=== Supplied entries ===
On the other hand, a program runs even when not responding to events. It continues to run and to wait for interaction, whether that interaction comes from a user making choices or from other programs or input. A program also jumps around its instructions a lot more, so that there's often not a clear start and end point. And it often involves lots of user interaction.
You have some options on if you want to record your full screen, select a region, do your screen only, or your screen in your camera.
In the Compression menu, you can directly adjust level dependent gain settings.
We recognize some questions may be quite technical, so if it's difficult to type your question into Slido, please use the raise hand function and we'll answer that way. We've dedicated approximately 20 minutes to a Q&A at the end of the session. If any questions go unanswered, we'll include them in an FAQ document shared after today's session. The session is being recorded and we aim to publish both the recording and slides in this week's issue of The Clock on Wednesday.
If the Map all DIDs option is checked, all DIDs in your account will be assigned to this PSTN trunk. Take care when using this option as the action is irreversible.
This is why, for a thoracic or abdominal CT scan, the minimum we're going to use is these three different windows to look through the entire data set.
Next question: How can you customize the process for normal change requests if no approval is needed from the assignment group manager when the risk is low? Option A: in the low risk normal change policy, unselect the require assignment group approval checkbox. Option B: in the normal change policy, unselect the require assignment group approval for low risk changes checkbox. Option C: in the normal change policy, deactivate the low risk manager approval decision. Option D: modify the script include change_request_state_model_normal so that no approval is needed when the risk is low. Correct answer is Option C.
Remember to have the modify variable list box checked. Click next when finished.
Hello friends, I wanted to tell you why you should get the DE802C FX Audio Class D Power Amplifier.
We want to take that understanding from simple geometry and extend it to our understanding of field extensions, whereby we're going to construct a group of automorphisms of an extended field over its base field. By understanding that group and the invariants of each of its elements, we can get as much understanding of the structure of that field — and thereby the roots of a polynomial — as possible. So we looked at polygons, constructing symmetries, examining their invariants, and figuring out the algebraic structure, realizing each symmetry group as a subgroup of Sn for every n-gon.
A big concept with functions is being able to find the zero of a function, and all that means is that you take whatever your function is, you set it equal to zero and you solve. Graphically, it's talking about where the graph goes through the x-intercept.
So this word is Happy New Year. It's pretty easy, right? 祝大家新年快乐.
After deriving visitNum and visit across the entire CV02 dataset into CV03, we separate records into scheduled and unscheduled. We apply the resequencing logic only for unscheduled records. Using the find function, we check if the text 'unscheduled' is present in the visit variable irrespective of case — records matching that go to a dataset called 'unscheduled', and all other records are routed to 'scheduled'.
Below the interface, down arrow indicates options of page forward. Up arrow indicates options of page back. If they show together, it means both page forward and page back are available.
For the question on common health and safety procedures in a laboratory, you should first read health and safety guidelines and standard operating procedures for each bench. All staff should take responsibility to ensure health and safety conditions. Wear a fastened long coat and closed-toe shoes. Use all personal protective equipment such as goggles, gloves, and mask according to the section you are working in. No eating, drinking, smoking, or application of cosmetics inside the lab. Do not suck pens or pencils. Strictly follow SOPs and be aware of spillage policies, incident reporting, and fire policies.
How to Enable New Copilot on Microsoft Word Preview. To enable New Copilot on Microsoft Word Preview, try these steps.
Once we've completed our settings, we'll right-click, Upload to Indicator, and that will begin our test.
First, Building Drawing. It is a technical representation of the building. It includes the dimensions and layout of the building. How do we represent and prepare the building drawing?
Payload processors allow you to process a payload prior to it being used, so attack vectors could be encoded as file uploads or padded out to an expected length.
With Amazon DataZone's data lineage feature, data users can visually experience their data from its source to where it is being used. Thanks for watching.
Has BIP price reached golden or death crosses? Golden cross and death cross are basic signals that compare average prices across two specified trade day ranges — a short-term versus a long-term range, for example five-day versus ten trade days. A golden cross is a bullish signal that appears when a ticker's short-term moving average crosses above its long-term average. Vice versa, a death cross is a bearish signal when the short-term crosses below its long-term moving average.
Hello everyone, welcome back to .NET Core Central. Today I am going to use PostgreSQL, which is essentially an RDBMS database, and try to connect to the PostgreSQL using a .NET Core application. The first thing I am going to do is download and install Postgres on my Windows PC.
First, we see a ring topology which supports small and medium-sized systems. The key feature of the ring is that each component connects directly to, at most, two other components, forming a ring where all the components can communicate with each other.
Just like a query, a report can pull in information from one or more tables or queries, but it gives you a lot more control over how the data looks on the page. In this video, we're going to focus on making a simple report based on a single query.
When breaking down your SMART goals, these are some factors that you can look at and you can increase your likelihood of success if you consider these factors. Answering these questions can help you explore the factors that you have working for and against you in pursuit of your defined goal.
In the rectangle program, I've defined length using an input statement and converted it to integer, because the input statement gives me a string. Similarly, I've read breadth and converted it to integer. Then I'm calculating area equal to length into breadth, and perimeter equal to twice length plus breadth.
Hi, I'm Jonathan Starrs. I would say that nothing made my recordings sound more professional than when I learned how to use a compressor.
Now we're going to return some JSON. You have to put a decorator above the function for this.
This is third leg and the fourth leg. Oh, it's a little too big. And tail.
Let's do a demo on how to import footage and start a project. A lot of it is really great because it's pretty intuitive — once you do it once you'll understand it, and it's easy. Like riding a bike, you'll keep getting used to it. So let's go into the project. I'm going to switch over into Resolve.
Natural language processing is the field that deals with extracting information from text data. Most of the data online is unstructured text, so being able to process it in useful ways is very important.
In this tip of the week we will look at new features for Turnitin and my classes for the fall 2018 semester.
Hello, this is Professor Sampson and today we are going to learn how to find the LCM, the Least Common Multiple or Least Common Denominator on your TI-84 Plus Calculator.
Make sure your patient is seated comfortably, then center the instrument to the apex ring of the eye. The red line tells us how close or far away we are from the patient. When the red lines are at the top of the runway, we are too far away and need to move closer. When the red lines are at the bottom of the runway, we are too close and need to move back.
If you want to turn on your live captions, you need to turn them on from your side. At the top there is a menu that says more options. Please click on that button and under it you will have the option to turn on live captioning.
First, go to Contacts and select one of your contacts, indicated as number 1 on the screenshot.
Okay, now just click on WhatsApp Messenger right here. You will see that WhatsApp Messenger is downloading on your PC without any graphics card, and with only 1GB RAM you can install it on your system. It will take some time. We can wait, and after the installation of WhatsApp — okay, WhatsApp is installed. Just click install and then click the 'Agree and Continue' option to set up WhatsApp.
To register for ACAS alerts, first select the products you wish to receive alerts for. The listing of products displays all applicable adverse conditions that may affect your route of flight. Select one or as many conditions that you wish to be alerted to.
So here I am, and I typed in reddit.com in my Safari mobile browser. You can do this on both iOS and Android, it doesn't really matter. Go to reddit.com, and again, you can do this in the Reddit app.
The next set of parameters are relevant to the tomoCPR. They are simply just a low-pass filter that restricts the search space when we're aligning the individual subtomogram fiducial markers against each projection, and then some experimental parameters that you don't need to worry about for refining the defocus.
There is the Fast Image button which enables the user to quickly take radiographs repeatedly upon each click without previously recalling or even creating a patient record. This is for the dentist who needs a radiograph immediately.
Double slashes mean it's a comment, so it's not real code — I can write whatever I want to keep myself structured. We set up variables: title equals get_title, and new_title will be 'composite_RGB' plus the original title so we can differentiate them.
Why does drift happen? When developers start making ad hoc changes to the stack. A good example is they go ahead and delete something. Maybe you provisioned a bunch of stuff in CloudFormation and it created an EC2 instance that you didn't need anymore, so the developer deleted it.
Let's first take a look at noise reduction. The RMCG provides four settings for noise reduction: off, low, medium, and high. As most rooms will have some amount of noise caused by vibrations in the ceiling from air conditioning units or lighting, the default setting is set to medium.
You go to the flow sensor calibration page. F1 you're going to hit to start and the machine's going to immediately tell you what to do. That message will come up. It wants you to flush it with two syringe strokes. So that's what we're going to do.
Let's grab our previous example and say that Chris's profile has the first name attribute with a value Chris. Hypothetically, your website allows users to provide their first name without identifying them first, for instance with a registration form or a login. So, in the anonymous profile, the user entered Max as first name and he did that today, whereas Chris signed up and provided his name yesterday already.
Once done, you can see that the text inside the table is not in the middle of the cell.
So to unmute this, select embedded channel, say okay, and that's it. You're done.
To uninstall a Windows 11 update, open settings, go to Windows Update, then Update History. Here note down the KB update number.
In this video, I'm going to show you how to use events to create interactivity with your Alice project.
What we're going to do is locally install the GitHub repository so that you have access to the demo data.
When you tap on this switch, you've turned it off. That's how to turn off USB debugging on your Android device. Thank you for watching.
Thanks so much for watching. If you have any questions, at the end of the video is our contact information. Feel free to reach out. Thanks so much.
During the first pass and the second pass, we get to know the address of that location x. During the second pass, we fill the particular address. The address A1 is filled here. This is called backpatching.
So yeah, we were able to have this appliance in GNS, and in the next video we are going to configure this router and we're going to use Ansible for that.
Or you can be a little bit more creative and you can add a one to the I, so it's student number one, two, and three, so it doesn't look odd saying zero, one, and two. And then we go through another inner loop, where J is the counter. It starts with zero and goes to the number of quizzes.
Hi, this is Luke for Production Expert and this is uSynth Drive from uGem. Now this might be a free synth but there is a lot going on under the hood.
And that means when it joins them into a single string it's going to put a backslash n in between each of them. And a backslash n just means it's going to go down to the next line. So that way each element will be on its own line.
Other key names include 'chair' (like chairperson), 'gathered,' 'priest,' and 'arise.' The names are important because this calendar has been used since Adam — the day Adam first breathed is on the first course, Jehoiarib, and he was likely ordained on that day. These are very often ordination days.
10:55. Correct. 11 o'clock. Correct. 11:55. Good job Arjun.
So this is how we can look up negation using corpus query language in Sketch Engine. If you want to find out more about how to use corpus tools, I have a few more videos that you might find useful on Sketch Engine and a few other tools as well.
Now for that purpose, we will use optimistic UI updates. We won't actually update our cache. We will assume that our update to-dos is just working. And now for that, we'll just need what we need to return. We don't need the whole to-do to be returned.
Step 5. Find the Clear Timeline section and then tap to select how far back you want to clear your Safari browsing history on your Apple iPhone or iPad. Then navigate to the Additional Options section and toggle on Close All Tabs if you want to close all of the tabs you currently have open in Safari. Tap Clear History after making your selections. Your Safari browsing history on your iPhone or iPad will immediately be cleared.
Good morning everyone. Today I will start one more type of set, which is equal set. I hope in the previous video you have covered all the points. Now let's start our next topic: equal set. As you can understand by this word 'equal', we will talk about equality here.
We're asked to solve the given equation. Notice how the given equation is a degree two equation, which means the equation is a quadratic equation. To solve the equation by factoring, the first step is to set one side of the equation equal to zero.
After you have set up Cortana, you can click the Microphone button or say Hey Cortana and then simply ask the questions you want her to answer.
===
Task brief |
The response must hold only the lines above from the line with "If the Map all" through the line with "This is why, for", each copied exactly, both ends kept.

Output of the task |
If the Map all DIDs option is checked, all DIDs in your account will be assigned to this PSTN trunk. Take care when using this option as the action is irreversible.
This is why, for a thoracic or abdominal CT scan, the minimum we're going to use is these three different windows to look through the entire data set.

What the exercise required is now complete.